Mirjam SnelHet verbeteren van de leesvaardigheid vraagt om voortdurende aandacht, stellen Mirjam Snel en Anne van Mechelen. Enkel wat extra taallessen gaan het verschil niet maken – en daar is ook geen ruimte voor in het overvolle curriculum. Volgens hen zit de oplossing vooral in een meer geïntegreerd curriculum. Jeugdliteratuur is daar bij uitstek geschikt voor. Mirjam: “Alle vakken kunnen aandacht besteden aan jeugdliteratuur. Bij sommige vakken gebeurt dat ook al; zo zetten de OJW-vakken - Oriëntatie op Jezelf en de Wereld – stevig in op jeugdliteratuur. Het helpt een vak of onderwerp te verrijken en te verdiepen, biedt nieuwe perspectieven en helpt studenten en basisschoolkinderen aan het denken zetten te zetten. We pleiten er dan ook voor literatuur waar mogelijk toe te passen, ook vakoverstijgend.” Mirjam noemt ‘Palmen op de Noordpool’, van Marc ter Horst, als mooi voorbeeld van een kinderboek dat leraren vakoverstijgend kunnen inzetten. “Dit boek gaat over klimaatverandering. Het is inzichtelijk, laagdrempelig en ondanks het onderwerp óók grappig. Ter Horst schrijft over de aarde, natuur én geschiedenis.”

Spiegels en ramen

“Willen we dat onze studenten later in het onderwijs dit soort boeken kunnen inzetten, dan moeten we op de pabo het zaadje tot lezen planten en laten ontkiemen”, stelt Mirjam. “Aankomende leerkrachten kunnen immers later alleen jeugdliteratuur succesvol inzetten als ze zelf blijven lezen. Ze moeten een kleine bibliotheek in hun hoofd hebben: wat is er zoal, welke boeken kan ik gebruiken in mijn onderwijs en welke boeken kan ik bij de leerlingen onder de aandacht brengen? Zo’n bibliotheek moet je bijhouden.“

Anne vult aan: “Als ze later op school kinderen enthousiast kunnen maken over jeugdliteratuur en hen aan het lezen krijgen, wordt meteen de leesvaardigheid bevorderd. Lezen is dus belangrijk voor goed leraarschap. Maar lezen is ook goed voor je persoonlijke vorming. Het geeft nieuwe perspectieven op jezelf en op de wereld om je heen: het biedt je spiegels en ramen.”

Constant aandacht

Anne van MechelenHoe doet de pabo dat, studenten inspireren tot lezen? De Kinderboekenweek (4 t/m 15 oktober, met dit jaar als thema: Bij mij thuis!) is daar natuurlijk zeer geschikt voor. Maar ook de rest van het jaar wordt jeugdliteratuur actief onder de aandacht gebracht: alle docenten van de HU-pabo werken met en promoten kinderboeken tijdens hun lessen. Anne: “Met eerstejaars zijn we al in de HU Bibliotheek geweest. We hebben op ons instituut een vitrinekast gezet waarin we steeds boeken rond een bepaald thema neerzetten. Momenteel is dat rond diversiteit. We hebben - samen met Instituut Archimedes - een leeshoek, nodigen jaarlijks een schrijver uit om langs te komen en geven Kinderzwerfboeken weg, die onze studenten dan weer kunnen doorgeven aan kinderen op hun stagescholen. Zo brengen we constant jeugdliteratuur onder de aandacht – en niet alleen in de taalvakken.”

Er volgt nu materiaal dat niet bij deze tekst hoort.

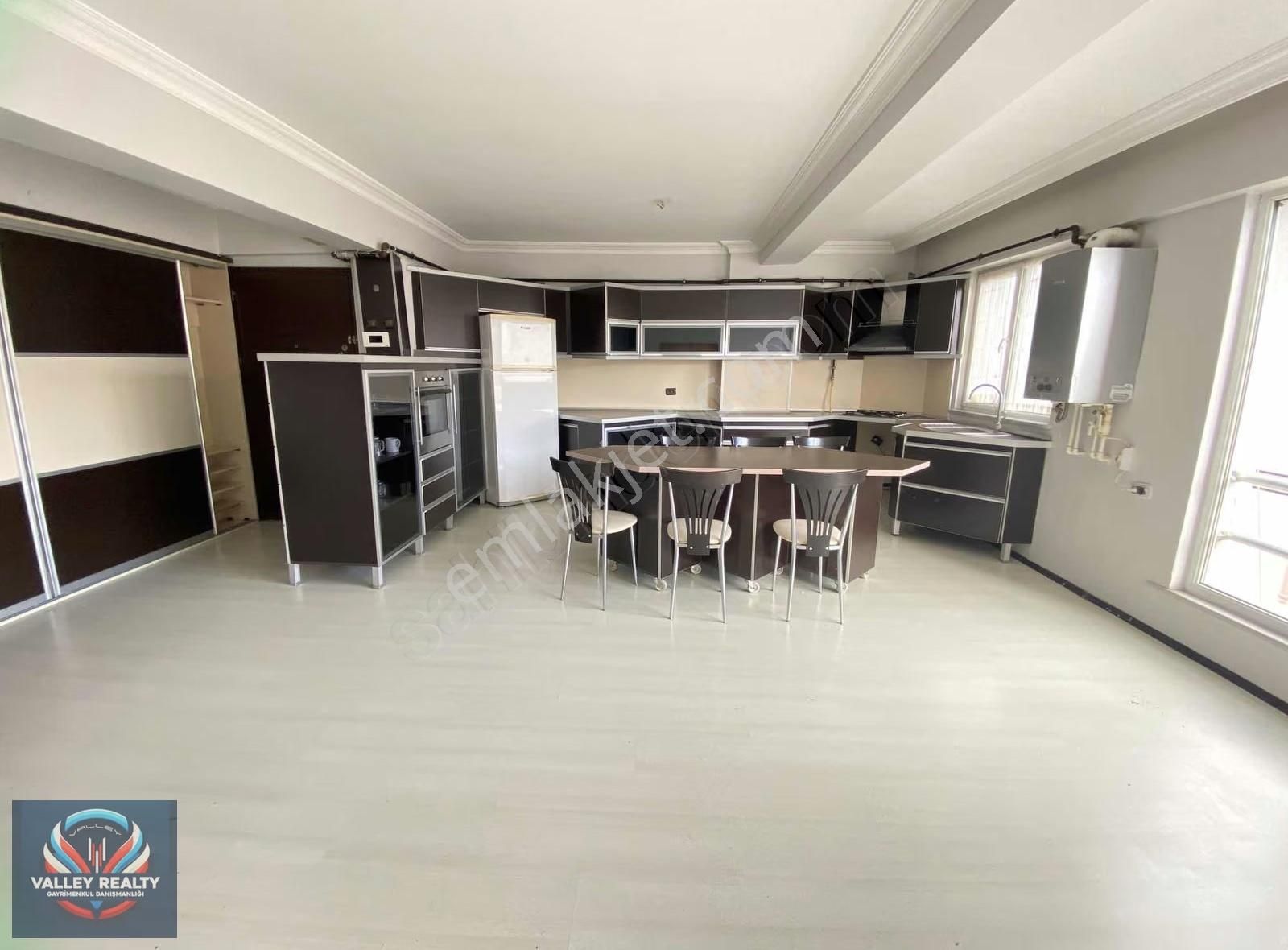 Valleyden Muhittin Mahallesinde 2+1 Masrafsız Daire - Görsel 7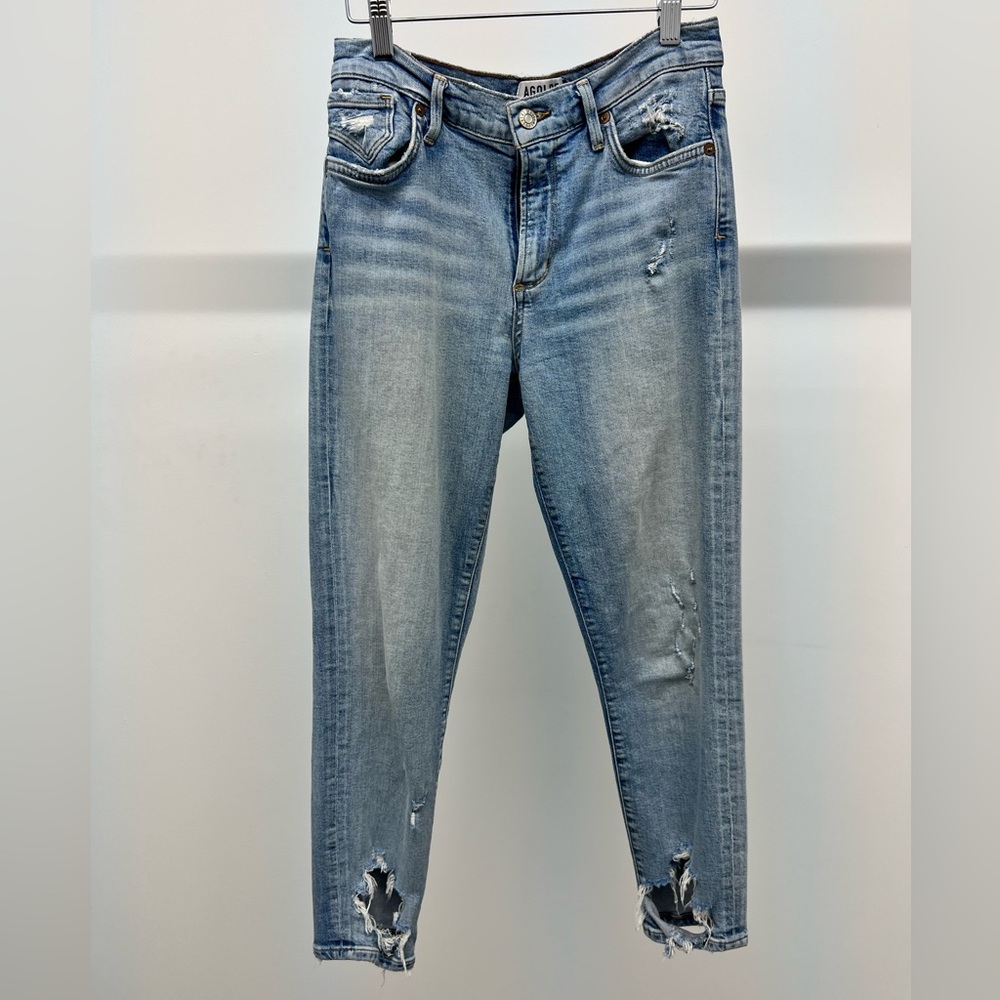 Light Distressed Jeans
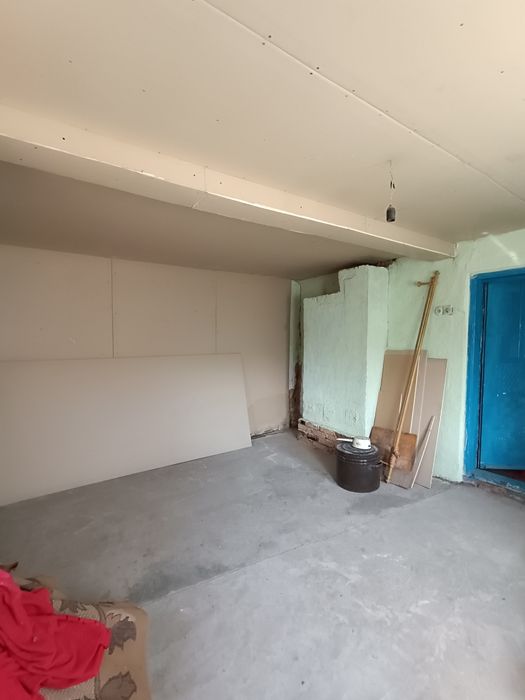 Продаж будинка в передмісті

"Hoe breder je als pabo-student de jeugdliteratuur leert kennen, hoe meer tools je hebt om later in je eigen onderwijs te gebruiken"

Anne van Mechelen

Op de goede weg

Of literatuur door het gebruik en de promotie van de lerarenopleidingen daadwerkelijk meer ‘landt’ bij studenten? Daar wordt nog onderzoek gedaan. Maar Mirjam en Anne worden alvast blij van de reacties van hun studenten. “Het is heel mooi als je hoort dat een student door ons enthousiasme een boek heeft aangeschaft, is gaan lezen of lid is geworden van de bibliotheek”, vertelt Mirjam. Anne: “Studenten kwamen naar mij toe met de vraag welke kinderboeken nou geschikt zijn om leerlingen te leren lezen. Ik tipte ze de BAM! Ik lees-serie en de Tijgerlezen-serie. Dat ze zelf op zoek gaan naar deze informatie is voor mij ook een aanwijzing dat we op de goede weg zijn.”

Met die bananen

Nog een laatste boekentip van Anne: de dichtbundel ‘Dat boek met die bananen’ van Erik van Os en Elle van Lieshout. “Een perfect boek om kinderen te leren dat poëzie helemaal niet moeilijk hoeft te zijn. Als ze die drempel eenmaal hebben genomen, kun je ze ook poëzie laten lezen die niet zo eenduidig is, die je soms niet of niet in één keer begrijpt – en hen leren dat daar niets mis mee is. Dat proces op zich is al van grote waarde. Ook dat maakt deel uit van begrijpend leren lezen. Hoe breder je als pabo-student de jeugdliteratuur leert kennen, hoe meer tools je hebt om later in je eigen onderwijs te gebruiken.”